--- DATA FOR ANALYSIS Enclosed Below ---

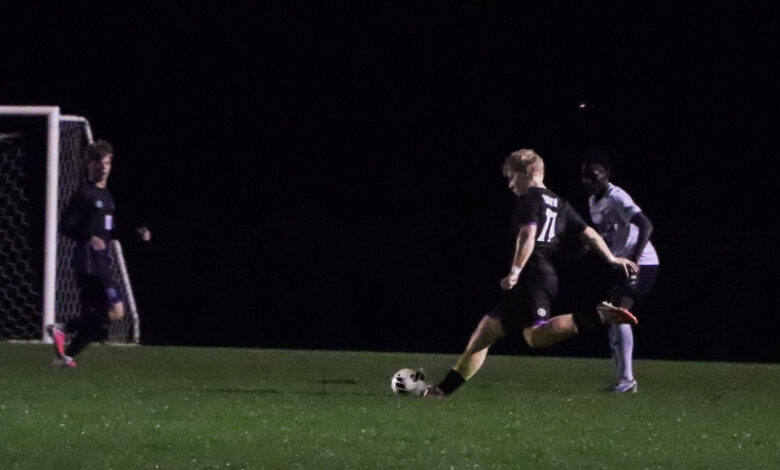 Guthrie Lind takes a shot during the boys soccer game against Rogers on September 29.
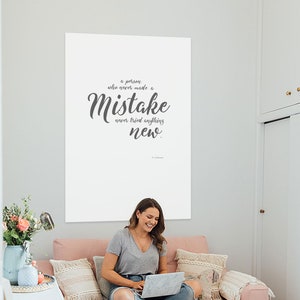 May include: A white poster with a quote in grey text that reads "A person who never made a mistake never tried anything new." The poster is hanging on a white wall in a room with a pink sofa and a woman sitting on it using a laptop.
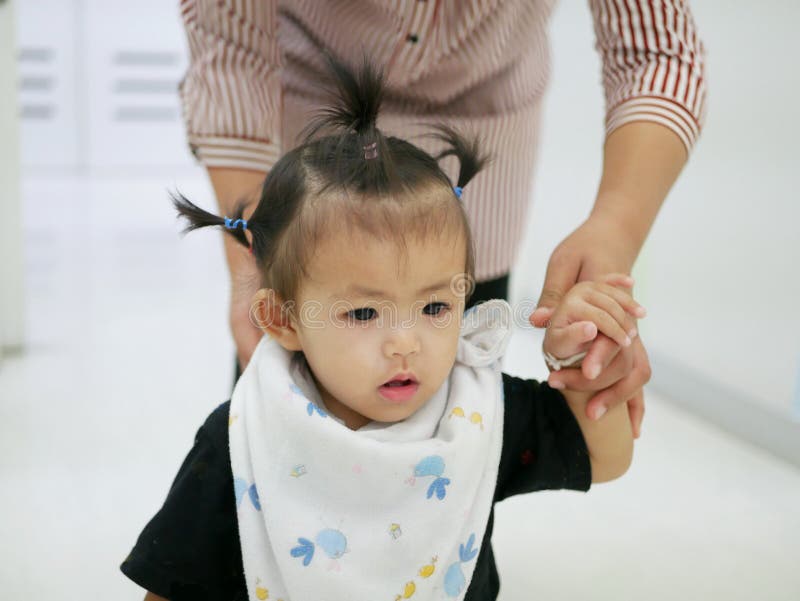 Asian Baby Girl Learning To Walk with Help from Her Mother Stock Image - Image of light, learning: 113671495 Asian Baby Girl Learning To Walk with Help from Her Mother Stock Image - Image of light, learning: 113671495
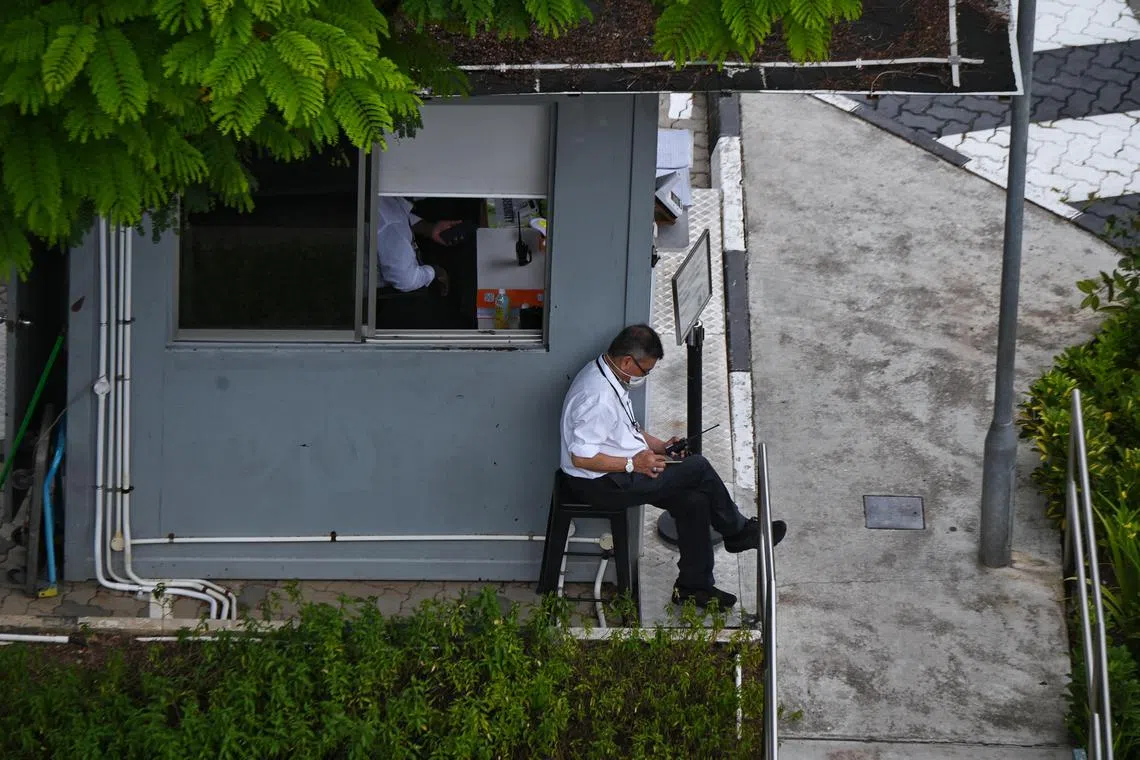 ST20211102_202112064811 Kua Chee Siong/ pixgeneric/ Generic pix of a security guard sitting next to the guard house of the Pathlight School in Ang Mo Kio on 2 Nov 2021.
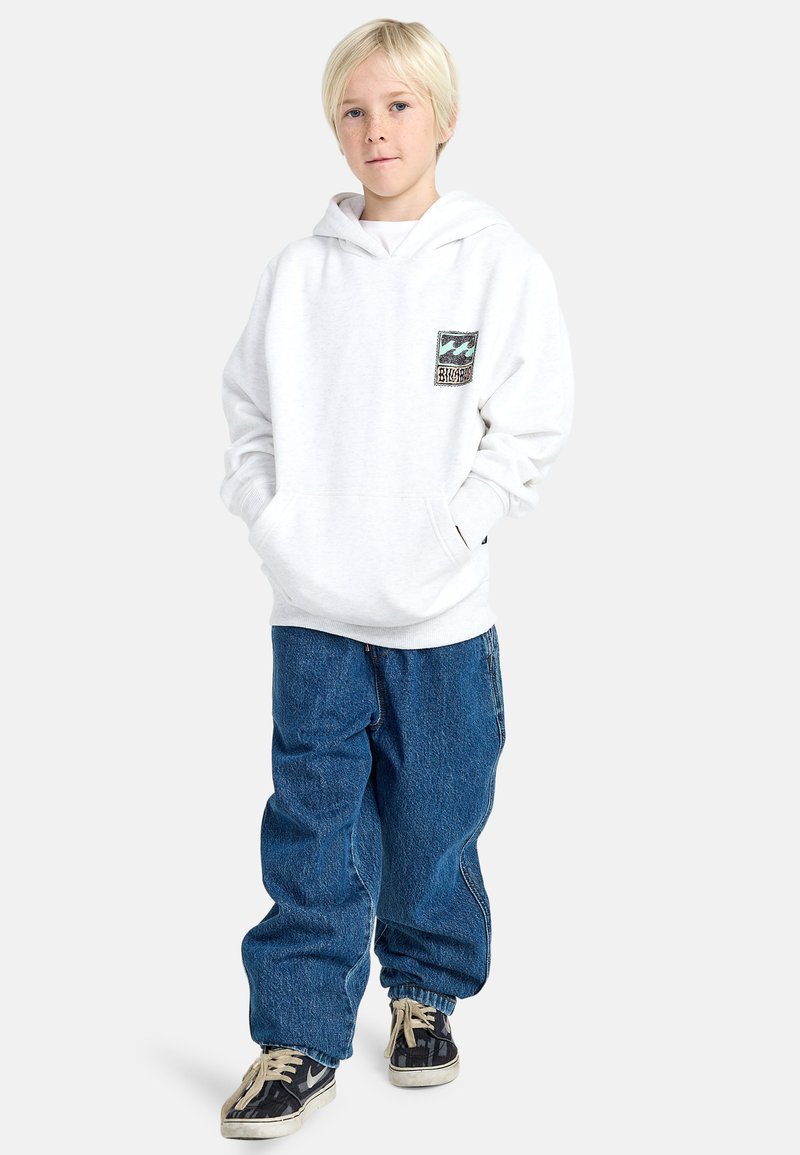 Witte hoodie met een voorzak en een blauw-zwart grafisch patch, gecombineerd met losse blauwe spijkerbroek en zwarte sneakers.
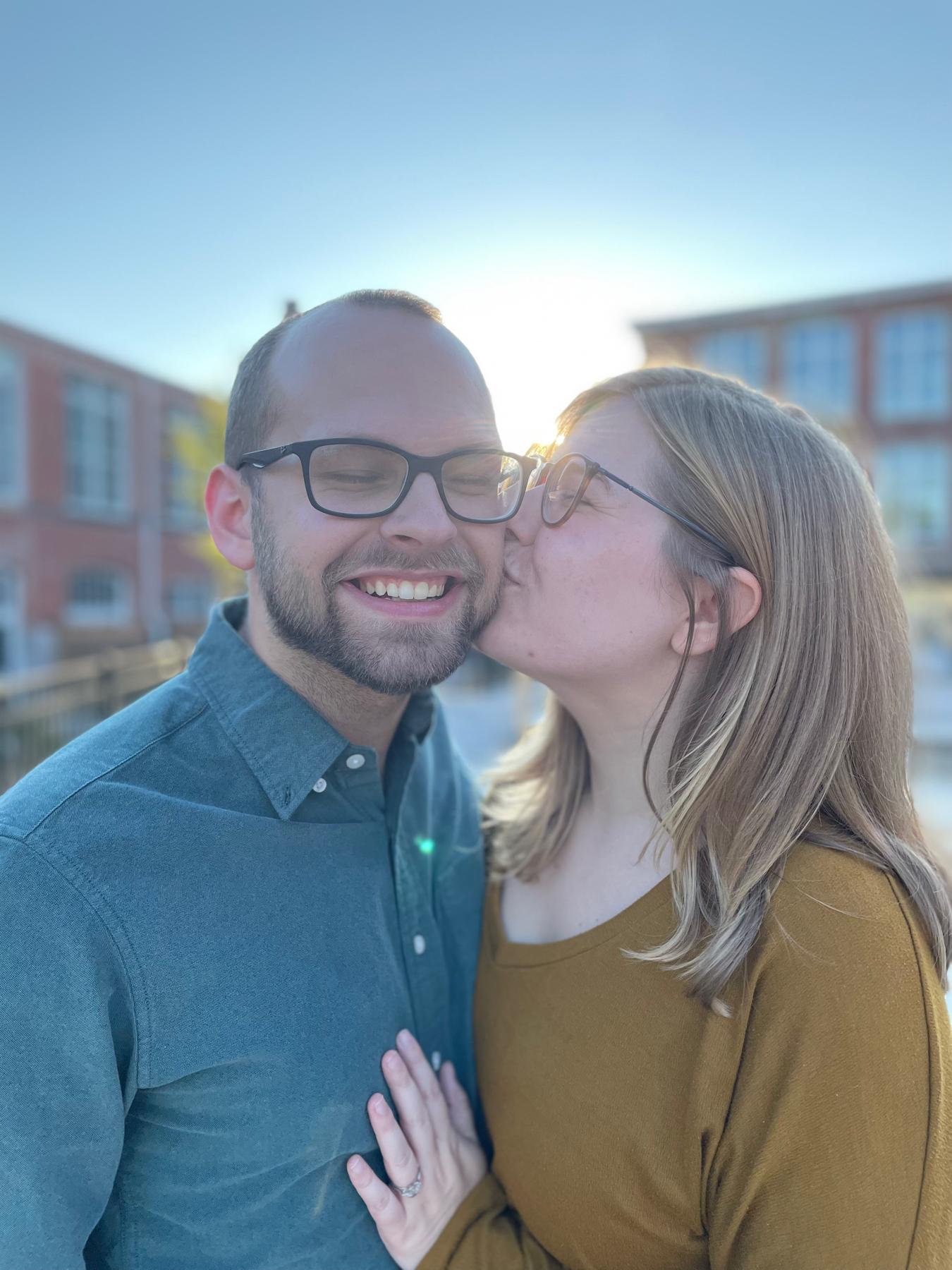 Another photo by Raven right after our engagement. Our apartment complex/ wedding venue can be seen in the background!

--- End of Enclosed DATA FOR ANALYSIS ---

#### [TASK BRIEF]
Return verbatim every line from the one holding "learning: 113671495 Asian" to the end of the records above. Do not copy the pictures.

#### [SOLUTION]
 Asian Baby Girl Learning To Walk with Help from Her Mother Stock Image - Image of light, learning: 113671495 Asian Baby Girl Learning To Walk with Help from Her Mother Stock Image - Image of light, learning: 113671495
 ST20211102_202112064811 Kua Chee Siong/ pixgeneric/ Generic pix of a security guard sitting next to the guard house of the Pathlight School in Ang Mo Kio on 2 Nov 2021.
 Witte hoodie met een voorzak en een blauw-zwart grafisch patch, gecombineerd met losse blauwe spijkerbroek en zwarte sneakers.
 Another photo by Raven right after our engagement. Our apartment complex/ wedding venue can be seen in the background!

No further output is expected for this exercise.